According to one analysis, being overweight does not negatively impact your risk for breast cancer if you are pre-menopausal.
For a long time, we have heard that body fat or BMI directly correlates with a woman’s risk of breast cancer coming back. In fact – it is touted as one of the most important factors within a woman’s control to help prevent recurrence.
BUT…hot off the presses…
In the largest of its kind, pooled analysis of nearly ¾ of a million pre-menopausal women, there appears to be an INVERSE or OPPOSITE relationship to body mass and the likelihood of developing breast cancer. The inverse association of body mass and breast cancer risk was evident in all pre-menopausal women, but was most strongly present in women with hormone-receptor positive (HR+) breast cancer.
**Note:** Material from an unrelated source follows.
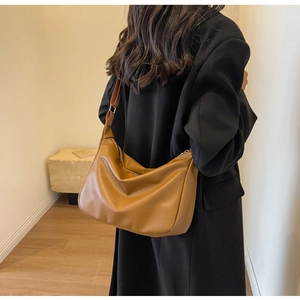 Sac hobo marron chic en cuir grainé porté par un mannequin avec un tailleur noir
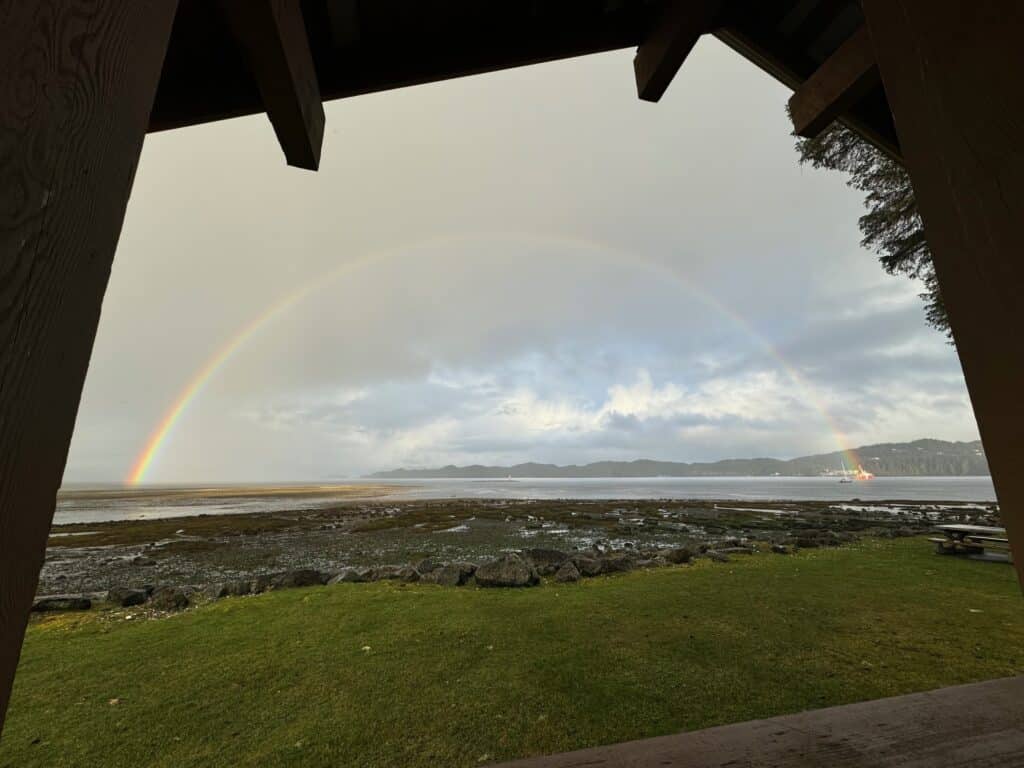 View of a rainbow over Hardy Bay in Port Hardy, BC with grass and a rocky beach at low tide in the foreground.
In other words, for pre-menopausal women whose body mass was above average, the risk of developing breast cancer was lower than for women of the same age who were considered underweight. Most notable was the 4-fold difference in the 18-24 age group.
The analysis was conducted by The Pre-menopausal Beast Cancer Collaborative Group and looked at women divided into four age groups, 18-24, 25-34, 35-44, and 45-54. Other criteria including tumor type and sub-type and hormone receptor status were assessed for impact in this analysis.
SO – what do you do with this information? Nothing, really; except, don’t beat yourself up about your weight when you were in your early 20s. Turns out – a little bit of extra weight at that time of your life may have been protective. And this is what is really intriguing to researchers. Now that they have uncovered this surprising inverse association, their next step is to try to understand the biological mechanisms that create the association – The WHY and to see if there is any lesson to be learned for disease prevention.